If all you want is write some text to a file, Don’t use File, use IO directly:

IO.write("/path/to/file.txt", "This is my cool text I need to write! Yay!")

This opens the file at /path/to/file.txt, writes the text to it and closes the file. Can’t get much simpler than this.

And just as simple is reading a file:

contents = IO.read("/path/to/file.txt")

This reads the file contents and returns it.

Tempfiles and StringIO

Just like we have temp directories, we also have two classes that can be used as temporary file objects, Tempfile and StringIO. Deciding two use one or the other is rather simple, if your data fits in memory and you don’t care very much about paths, just being able to read and write to an IO like object, StringIO is for you, if you need path-like behavior or if your data doesn’t fit in memory, Tempfile should be the option.

Since they both are IO-like objects you can read and write to them and send them whenever the code expects to receive an IO object. The advantage is that both objects will be cleaned up by the environment once they are garbage collected (but you better play save and unlink tempfiles to avoid having too many file handles open).

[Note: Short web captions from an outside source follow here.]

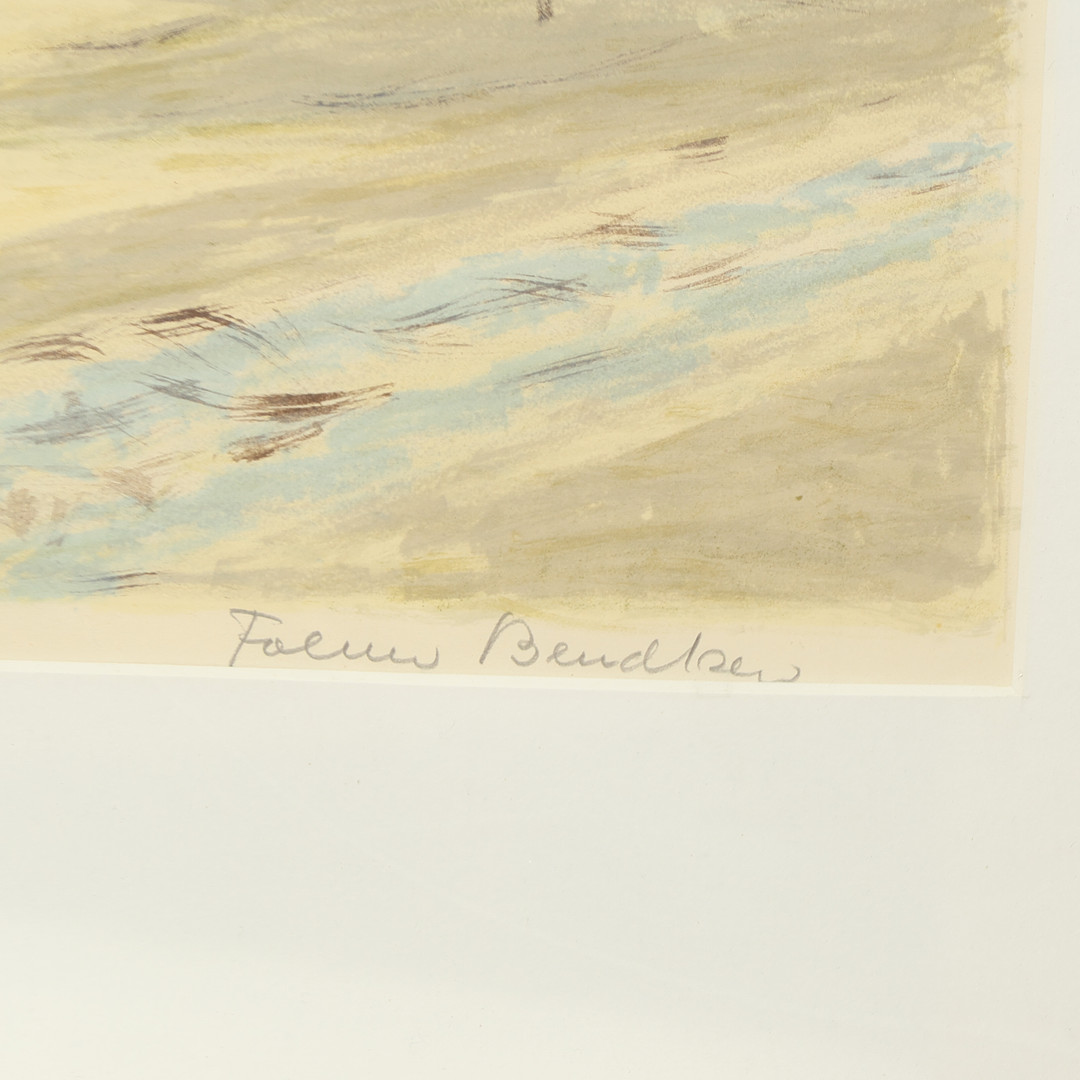 FOLMER BENDTSEN ( 1907 - 1993). Gadeparti med indhegning. Signeret. Litografi i farver. Prøvetryk. Danmark.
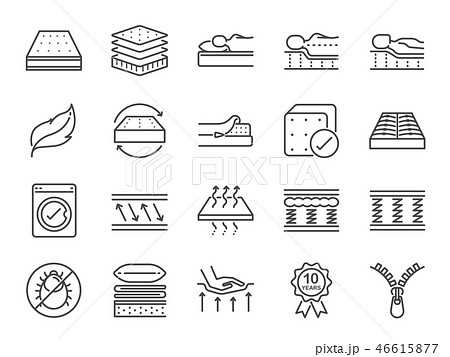 Mattress line icon set. 46615877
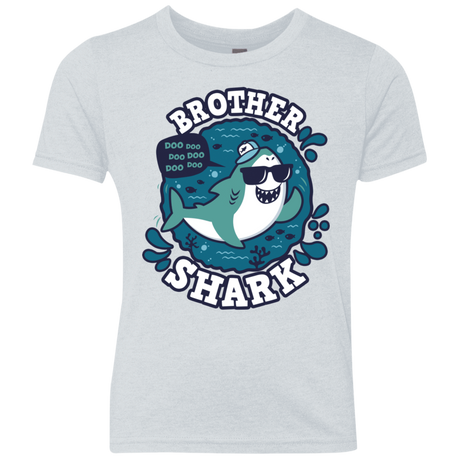 T-Shirts Heather White / YXS Shark Family trazo - Brother Youth Triblend T-Shirt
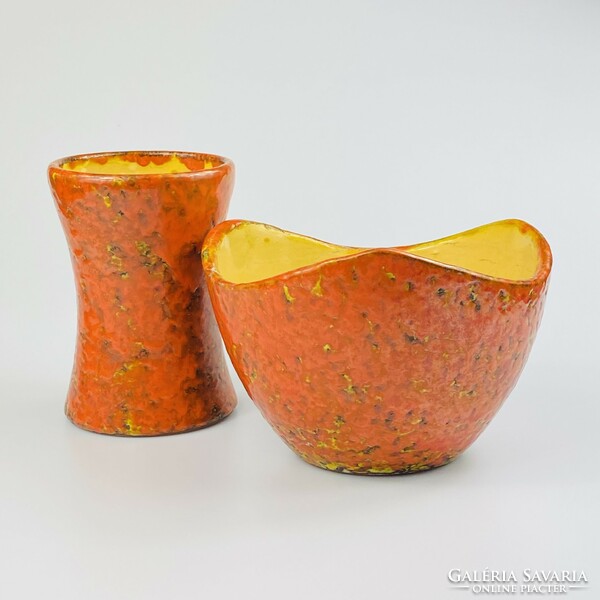 Ceramic vase and bowl - pond head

In general, prefer StringIO and when you really have to use Tempfile assume it’s just like any other file and make sure you close and unlink the file as soon as you’re done with it.

Use File.join instead of manual string concatenation

While the File.join documentation declares the method as simply appending File::SEPARATOR for every item given, the actual implementation does much more than just that and your simple Array.join call won’t be the same as what’s being done there.

Whenever you need to build an actual path, remember to always use File.join:

path = File.join("Users", "mauricio", "projects", "ruby")

Accessing files relative to the current Ruby file

A common problem we see in Ruby code, specially when you’re building gems or writing tests is having to load a file that’s somewhere at your project path, but you obviously can’t set a full path for it as you want it to be usable out of your own machine, you need a relative path for it. A very simple way to do this is to use the __FILE__ special variable.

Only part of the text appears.